• Directions for this task: Everything from the line containing "Switch Ubiquiti USW-Flex-2.5G-8" through the line containing "The Grim (Requiem" should be repeated exactly, and nothing else from the data.

• Exercise inputs:
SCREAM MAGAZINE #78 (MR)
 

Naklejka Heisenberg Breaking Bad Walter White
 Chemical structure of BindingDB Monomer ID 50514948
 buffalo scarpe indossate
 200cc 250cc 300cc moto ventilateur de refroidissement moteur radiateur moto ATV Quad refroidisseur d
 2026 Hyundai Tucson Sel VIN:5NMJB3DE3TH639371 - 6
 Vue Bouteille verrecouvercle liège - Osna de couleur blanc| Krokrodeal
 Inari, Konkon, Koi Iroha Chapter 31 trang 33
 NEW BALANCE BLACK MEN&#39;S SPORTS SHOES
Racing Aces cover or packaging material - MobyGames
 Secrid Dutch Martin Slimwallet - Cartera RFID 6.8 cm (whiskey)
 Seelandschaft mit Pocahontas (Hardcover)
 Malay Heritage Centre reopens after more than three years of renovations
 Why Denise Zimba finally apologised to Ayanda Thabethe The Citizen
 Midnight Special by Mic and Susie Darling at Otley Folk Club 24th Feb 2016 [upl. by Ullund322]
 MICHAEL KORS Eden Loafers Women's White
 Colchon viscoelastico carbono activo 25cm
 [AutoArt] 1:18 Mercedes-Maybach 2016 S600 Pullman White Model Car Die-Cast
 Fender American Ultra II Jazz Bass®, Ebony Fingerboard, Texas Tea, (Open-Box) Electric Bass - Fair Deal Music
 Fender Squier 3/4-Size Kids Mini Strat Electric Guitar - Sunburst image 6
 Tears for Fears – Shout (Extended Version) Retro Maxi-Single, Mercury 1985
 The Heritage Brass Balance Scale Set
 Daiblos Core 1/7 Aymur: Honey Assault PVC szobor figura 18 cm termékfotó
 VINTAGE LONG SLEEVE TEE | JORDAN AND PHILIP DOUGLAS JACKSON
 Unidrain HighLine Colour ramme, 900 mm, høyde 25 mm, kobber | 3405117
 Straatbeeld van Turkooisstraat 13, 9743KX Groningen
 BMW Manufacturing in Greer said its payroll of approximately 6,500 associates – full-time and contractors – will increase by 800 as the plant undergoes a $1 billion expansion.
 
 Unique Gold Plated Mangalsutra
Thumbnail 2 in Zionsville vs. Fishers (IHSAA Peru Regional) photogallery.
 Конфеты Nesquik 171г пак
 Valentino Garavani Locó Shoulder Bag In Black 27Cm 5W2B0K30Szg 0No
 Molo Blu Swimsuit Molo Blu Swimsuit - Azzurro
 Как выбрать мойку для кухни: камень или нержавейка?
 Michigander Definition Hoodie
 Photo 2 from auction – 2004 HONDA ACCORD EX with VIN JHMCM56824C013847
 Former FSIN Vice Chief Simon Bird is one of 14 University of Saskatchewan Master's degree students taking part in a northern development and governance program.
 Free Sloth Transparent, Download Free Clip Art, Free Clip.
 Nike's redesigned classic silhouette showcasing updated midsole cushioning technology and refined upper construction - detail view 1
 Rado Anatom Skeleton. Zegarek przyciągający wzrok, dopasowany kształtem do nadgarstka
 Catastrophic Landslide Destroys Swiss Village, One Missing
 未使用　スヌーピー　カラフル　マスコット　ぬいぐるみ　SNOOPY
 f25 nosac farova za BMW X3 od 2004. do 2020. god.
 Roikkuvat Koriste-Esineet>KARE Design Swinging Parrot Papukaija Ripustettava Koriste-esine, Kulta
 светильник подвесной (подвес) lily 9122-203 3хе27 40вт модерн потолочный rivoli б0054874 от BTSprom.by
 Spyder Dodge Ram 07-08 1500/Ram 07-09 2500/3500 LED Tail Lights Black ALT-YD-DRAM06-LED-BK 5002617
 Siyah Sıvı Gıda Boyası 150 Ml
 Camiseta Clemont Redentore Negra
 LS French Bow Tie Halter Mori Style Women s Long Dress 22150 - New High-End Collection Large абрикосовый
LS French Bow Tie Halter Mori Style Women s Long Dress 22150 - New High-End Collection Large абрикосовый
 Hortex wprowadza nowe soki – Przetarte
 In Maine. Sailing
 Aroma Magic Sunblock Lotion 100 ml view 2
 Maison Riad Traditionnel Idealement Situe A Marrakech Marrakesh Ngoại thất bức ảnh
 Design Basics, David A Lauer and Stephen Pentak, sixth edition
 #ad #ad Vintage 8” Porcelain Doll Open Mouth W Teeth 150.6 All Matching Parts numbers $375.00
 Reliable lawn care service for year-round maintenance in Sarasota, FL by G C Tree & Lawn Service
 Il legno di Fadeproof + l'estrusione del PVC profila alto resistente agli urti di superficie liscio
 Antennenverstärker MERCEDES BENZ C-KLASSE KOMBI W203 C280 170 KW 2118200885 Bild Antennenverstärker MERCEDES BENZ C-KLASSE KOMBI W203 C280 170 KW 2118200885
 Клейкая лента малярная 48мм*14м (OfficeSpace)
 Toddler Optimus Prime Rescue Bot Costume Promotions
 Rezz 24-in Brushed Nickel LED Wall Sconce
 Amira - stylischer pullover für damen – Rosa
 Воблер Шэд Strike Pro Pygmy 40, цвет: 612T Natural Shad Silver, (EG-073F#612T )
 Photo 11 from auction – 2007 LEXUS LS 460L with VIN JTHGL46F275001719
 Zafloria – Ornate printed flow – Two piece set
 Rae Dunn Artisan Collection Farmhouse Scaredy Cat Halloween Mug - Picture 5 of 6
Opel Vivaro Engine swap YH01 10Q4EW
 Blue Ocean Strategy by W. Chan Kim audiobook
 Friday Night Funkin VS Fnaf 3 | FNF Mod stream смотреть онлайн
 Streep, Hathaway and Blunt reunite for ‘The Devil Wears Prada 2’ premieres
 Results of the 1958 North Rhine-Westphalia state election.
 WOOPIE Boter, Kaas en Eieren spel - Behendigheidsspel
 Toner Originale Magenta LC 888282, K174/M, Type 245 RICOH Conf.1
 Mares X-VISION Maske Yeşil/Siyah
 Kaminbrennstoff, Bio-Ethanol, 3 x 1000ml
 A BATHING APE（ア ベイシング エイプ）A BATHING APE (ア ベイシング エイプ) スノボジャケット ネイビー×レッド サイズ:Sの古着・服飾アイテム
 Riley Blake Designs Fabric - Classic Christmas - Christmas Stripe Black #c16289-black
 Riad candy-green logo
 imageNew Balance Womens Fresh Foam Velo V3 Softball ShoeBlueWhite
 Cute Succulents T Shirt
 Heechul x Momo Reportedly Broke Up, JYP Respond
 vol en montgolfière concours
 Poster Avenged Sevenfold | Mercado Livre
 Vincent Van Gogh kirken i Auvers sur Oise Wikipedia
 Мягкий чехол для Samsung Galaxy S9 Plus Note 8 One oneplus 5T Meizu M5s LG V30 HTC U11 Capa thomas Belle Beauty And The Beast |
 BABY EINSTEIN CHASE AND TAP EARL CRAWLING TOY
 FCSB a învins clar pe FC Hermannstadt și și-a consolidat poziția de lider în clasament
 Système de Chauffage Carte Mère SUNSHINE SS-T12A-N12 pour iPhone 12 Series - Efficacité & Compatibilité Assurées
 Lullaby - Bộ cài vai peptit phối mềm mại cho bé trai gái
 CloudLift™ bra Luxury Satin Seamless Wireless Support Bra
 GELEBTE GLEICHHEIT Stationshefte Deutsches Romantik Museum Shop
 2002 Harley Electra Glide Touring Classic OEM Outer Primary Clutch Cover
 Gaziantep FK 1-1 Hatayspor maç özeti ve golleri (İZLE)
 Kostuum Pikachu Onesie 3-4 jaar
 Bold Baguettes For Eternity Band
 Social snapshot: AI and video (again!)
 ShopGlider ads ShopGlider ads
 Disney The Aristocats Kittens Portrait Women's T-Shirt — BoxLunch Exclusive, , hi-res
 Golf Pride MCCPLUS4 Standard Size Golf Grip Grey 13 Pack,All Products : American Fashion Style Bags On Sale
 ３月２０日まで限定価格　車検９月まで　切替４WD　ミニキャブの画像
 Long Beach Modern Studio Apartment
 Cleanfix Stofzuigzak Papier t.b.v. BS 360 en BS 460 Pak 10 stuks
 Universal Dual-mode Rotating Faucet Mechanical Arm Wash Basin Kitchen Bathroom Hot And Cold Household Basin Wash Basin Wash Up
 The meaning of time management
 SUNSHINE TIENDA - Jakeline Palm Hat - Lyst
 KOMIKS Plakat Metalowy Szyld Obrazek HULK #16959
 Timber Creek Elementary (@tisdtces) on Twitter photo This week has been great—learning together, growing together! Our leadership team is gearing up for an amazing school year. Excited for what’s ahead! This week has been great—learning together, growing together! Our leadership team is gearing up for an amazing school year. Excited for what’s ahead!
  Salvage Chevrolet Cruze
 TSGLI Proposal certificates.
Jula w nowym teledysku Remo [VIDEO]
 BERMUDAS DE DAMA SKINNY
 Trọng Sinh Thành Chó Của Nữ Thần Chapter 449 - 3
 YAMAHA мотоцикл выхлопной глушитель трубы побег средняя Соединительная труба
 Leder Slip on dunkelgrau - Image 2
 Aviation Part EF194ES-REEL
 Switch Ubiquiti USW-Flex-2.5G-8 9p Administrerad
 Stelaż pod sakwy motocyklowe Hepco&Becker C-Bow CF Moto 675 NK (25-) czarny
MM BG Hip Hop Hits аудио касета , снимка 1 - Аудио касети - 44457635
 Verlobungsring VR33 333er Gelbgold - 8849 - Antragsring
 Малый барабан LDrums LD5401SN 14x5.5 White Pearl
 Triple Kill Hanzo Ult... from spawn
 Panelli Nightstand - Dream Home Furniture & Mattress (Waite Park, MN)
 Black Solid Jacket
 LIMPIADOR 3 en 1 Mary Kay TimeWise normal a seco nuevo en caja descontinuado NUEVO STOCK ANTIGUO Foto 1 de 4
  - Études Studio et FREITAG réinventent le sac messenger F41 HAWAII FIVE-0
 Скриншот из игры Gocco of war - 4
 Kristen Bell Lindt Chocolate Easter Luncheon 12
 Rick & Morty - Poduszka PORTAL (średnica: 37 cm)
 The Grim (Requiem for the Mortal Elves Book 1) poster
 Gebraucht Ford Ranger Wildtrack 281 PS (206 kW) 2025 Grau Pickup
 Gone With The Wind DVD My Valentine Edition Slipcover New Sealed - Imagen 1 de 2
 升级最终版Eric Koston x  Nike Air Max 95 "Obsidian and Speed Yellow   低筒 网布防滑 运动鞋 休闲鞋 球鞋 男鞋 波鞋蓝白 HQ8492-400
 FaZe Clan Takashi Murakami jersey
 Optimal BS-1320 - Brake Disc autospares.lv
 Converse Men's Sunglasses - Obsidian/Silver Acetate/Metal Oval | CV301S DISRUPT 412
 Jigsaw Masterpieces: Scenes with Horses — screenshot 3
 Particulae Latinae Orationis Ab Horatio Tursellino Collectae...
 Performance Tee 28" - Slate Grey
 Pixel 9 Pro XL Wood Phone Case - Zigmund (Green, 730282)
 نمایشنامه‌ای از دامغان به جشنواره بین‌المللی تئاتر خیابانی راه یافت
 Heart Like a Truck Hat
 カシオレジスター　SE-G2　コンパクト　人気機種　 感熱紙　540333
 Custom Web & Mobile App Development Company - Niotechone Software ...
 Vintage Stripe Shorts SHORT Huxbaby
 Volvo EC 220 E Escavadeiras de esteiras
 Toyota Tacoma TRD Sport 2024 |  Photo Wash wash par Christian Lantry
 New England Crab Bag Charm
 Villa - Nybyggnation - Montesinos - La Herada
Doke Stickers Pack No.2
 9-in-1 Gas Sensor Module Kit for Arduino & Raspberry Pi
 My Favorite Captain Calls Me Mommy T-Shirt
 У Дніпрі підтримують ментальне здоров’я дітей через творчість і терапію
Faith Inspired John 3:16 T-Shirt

• Response to the task:
 Switch Ubiquiti USW-Flex-2.5G-8 9p Administrerad
 Stelaż pod sakwy motocyklowe Hepco&Becker C-Bow CF Moto 675 NK (25-) czarny
MM BG Hip Hop Hits аудио касета , снимка 1 - Аудио касети - 44457635
 Verlobungsring VR33 333er Gelbgold - 8849 - Antragsring
 Малый барабан LDrums LD5401SN 14x5.5 White Pearl
 Triple Kill Hanzo Ult... from spawn
 Panelli Nightstand - Dream Home Furniture & Mattress (Waite Park, MN)
 Black Solid Jacket
 LIMPIADOR 3 en 1 Mary Kay TimeWise normal a seco nuevo en caja descontinuado NUEVO STOCK ANTIGUO Foto 1 de 4
  - Études Studio et FREITAG réinventent le sac messenger F41 HAWAII FIVE-0
 Скриншот из игры Gocco of war - 4
 Kristen Bell Lindt Chocolate Easter Luncheon 12
 Rick & Morty - Poduszka PORTAL (średnica: 37 cm)
 The Grim (Requiem for the Mortal Elves Book 1) poster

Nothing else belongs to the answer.